Progressive legal experts say the Federalist Society’s “originalism” or “textualism” as it’s known is geared towards interpretations that extend conservative agendas. “Originalism is a form of fundamentalism,” asserted Fredrickson. “They are trying to push their reading of the Constitution, which was written in a very vague way. It was never the intent that the text should be unchanging.”
Ackerman, for his part, describes the trend as a “complete reactionary move to try to repudiate the egalitarian achievements of the last century".
Since he was voted into office, Trump has not paid even minimum lip service to the independence of jurists, employing terms such as an “Obama judge” and using his judicial appointments to try to increase his popularity ratings among Republicans.
In a January Twitter message, posted months before the coronavirus pandemic pummelled his poll ratings, Trump exulted, “95% Approval Rating in the Republican Party. Thank you! 191 Federal Judges (a record), and two Supreme Court Justices, approved...Thank you to our great New, Smart and Nimble REPUBLICAN PARTY. Join now, it’s where people want to be.”
95% Approval Rating in the Republican Party. Thank you! 191 Federal Judges (a record), and two Supreme Court Justic… https://t.co/dQp4LLpItd— Donald J. Trump (@Donald J. Trump) 1580055881.0
Aware of the conservative turn – which began in the Reagan era – progressive and liberal scholars founded the American Constitution Society (ACS) following the Supreme Court’s 2000 Gore v. Bush ruling, which handed the White House to George W. Bush.
The ACS attempts to work as the progressive equivalent of the Federalist Society, winning hearts and minds among law school students, lawyers and judges.

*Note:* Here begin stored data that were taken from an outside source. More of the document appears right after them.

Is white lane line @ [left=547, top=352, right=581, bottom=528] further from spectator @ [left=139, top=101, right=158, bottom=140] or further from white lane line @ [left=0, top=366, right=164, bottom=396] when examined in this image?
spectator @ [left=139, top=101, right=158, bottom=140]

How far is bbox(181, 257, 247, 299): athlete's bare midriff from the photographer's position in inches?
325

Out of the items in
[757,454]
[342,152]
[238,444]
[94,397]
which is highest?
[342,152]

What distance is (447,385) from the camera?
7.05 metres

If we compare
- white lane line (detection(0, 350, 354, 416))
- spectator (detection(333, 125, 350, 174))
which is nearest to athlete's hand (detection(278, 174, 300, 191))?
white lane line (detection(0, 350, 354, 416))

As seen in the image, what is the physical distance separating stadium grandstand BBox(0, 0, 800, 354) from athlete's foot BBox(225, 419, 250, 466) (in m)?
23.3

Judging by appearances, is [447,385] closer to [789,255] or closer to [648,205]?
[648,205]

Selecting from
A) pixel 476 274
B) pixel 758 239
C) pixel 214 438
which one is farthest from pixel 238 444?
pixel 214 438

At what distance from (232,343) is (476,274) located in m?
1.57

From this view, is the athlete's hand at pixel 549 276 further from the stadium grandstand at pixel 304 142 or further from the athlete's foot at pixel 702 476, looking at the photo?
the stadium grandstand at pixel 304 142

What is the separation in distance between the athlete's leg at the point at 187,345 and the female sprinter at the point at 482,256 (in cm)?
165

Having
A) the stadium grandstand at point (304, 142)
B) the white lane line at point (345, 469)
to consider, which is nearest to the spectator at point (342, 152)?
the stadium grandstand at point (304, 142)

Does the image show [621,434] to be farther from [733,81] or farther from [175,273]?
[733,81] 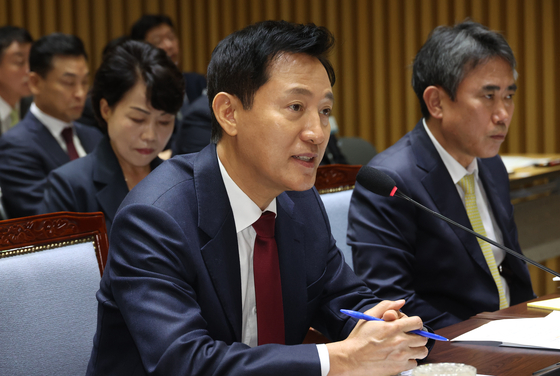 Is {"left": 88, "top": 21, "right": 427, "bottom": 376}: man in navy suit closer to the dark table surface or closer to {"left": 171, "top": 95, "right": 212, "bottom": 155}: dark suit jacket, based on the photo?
the dark table surface

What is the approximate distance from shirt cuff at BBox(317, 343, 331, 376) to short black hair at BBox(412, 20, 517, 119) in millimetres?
1166

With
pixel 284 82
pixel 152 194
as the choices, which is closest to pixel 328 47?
pixel 284 82

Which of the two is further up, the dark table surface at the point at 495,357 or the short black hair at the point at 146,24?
the short black hair at the point at 146,24

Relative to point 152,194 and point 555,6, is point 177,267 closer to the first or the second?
point 152,194

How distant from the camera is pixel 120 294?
1.15m

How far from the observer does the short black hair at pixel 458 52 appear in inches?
78.0

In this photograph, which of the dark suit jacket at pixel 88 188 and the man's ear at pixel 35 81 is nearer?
the dark suit jacket at pixel 88 188

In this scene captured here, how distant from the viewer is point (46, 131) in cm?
319

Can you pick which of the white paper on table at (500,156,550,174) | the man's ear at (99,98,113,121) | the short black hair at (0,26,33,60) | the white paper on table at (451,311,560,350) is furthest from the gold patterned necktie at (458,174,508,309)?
the short black hair at (0,26,33,60)

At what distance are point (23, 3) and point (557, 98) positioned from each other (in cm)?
425

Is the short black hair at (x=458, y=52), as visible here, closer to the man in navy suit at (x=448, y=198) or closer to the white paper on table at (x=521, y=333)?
Result: the man in navy suit at (x=448, y=198)

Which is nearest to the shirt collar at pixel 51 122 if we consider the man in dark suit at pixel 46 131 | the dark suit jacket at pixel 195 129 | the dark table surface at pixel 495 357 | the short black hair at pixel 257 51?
the man in dark suit at pixel 46 131

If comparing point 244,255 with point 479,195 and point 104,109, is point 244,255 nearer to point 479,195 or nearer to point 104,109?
point 479,195

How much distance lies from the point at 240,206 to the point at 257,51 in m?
0.32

But Fredrickson, who was ACS president from 2009 to 2019, admits that progressive legal professionals lack the partisan fervour of their conservative counterparts. “There is still a belief in the independence of the judiciary,” she explained. “Judges that are aligned to the ACS are not willing to compromise themselves in the same way by suggesting they’re enthralled with one political party.”

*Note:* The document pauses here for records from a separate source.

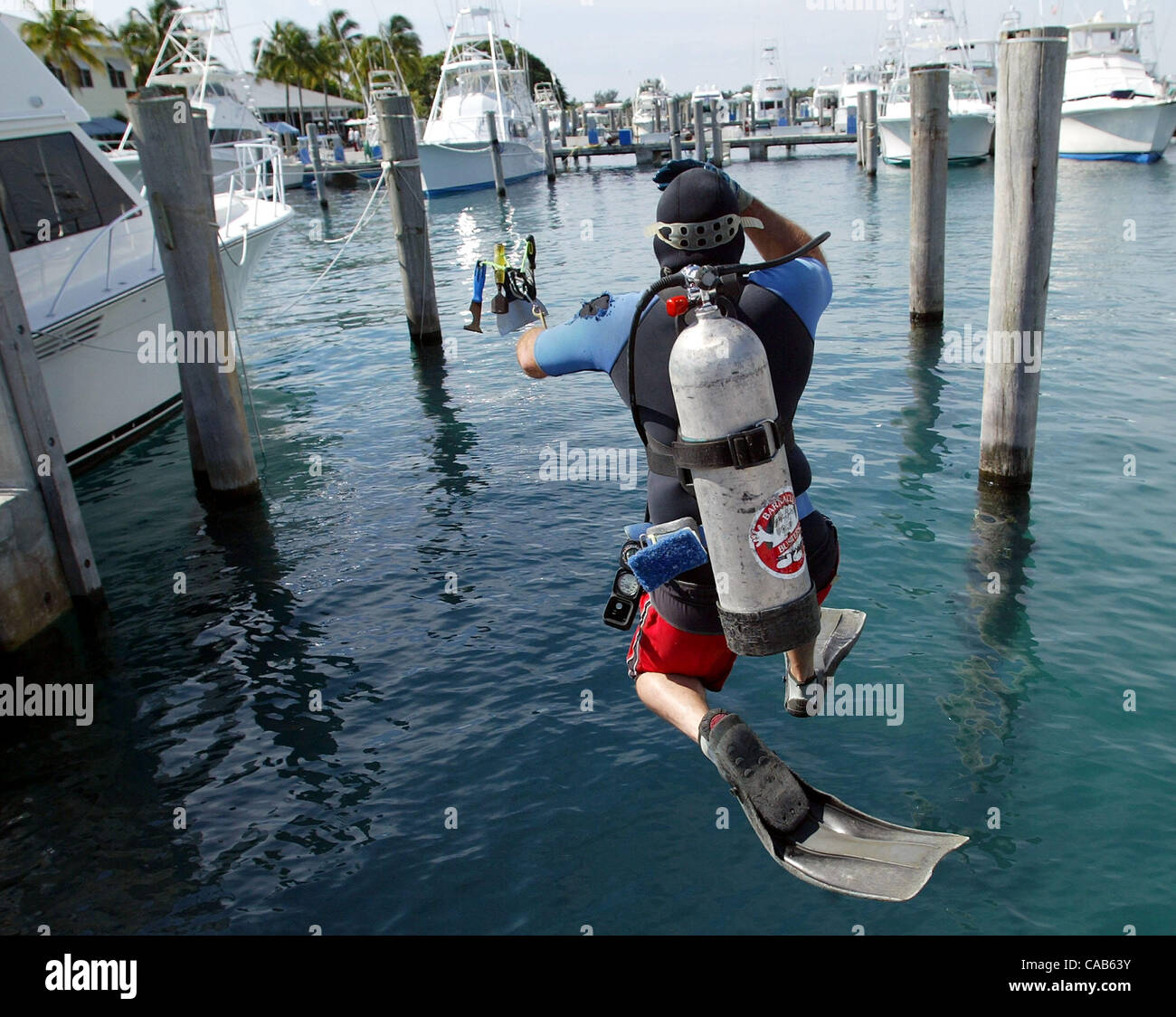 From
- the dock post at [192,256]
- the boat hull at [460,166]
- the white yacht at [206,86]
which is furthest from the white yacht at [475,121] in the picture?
the dock post at [192,256]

Can a new man in the White House bring change?
Ginsburg’s death just weeks before the presidential election sets the stage for intense partisan wrangling in Washington’s corridors of power with progressive hopes riding on a Joe Biden victory in the November 4 polls.
But Ackerman worries that even if Democrats win the White House and both chambers of Congress, there could be systemic legal issues at stake.
“If Biden wins, he will then pass legislation affirming rights to gender equality, taxing the wealthy and strong environmental legislation. The question then, is will the Supreme Court try to negate it? If it does, there could be a crisis where democratically elected representatives will challenge the legitimacy of the Supreme Court,” he noted.
Fredrickson though remains optimistic. “It’s not entirely bleak,” she said. “There is a lot of hope that should Biden win, Democrats will work hard to pass legislation that would address weaknesses by expanding membership of the court, adding judges and changing their terms. There’s nothing in the Constitution that sets the size of the court. These measures are certainly on the table now.”